- **What to work on**: Beginning with the line that contains "PRS 40th Anniversary", print each line to the end of the data exactly. Omit the pictures.

- **Material provided**:

================

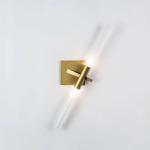 Nordic LED Agnes Sconce Gold Color Indoor Decorative Wall Lamp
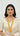 Gold Imitation Rani Haar With Earrings Auric Charm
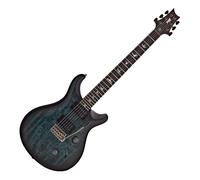 PRS 40th Anniversary Custom 24 Satin Limited Edition Cobalt Smokeburst #0408101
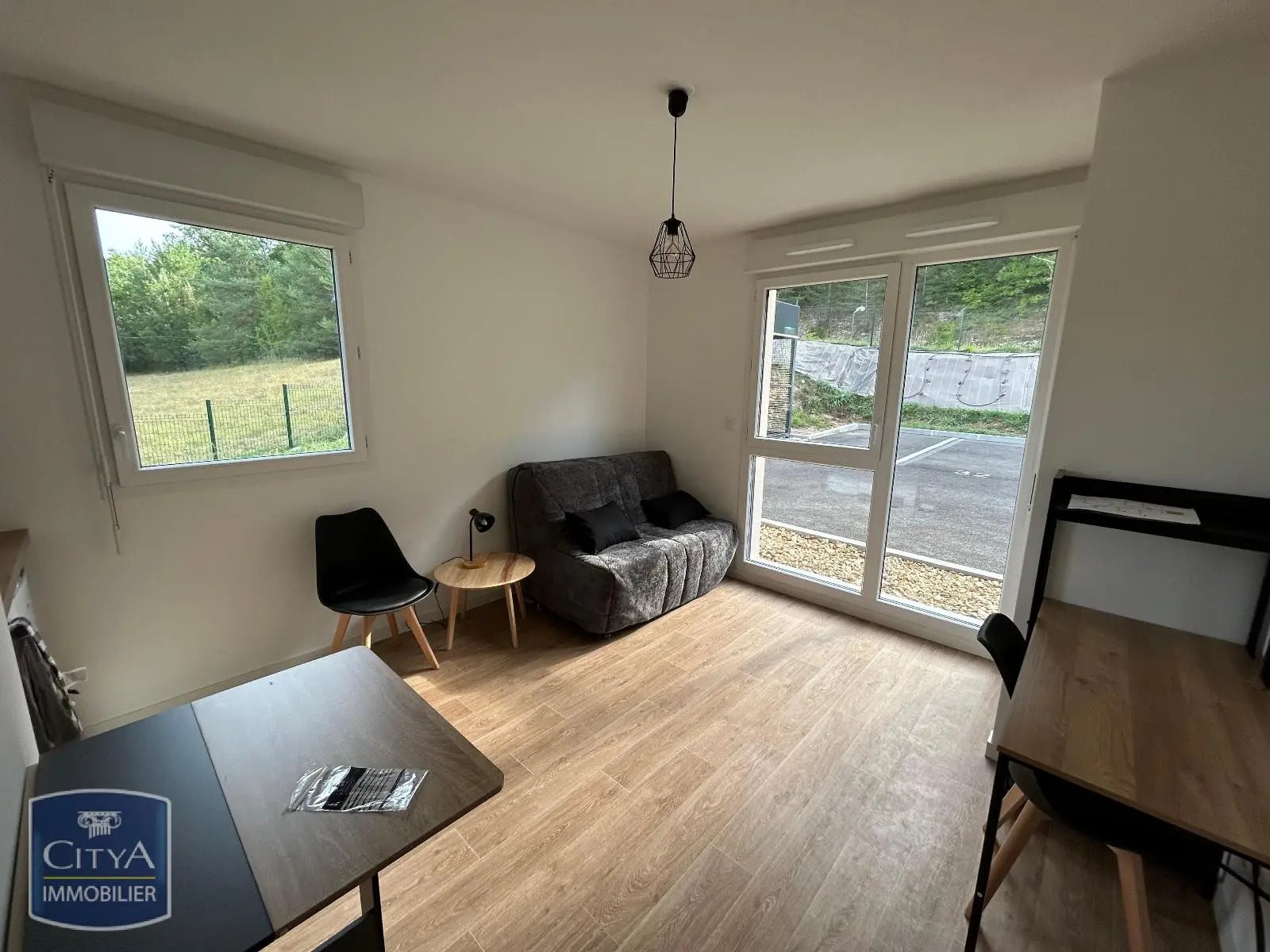 Appartement à louer, 22m², Champcevinel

================

- **Written answer**:
 PRS 40th Anniversary Custom 24 Satin Limited Edition Cobalt Smokeburst #0408101
 Appartement à louer, 22m², Champcevinel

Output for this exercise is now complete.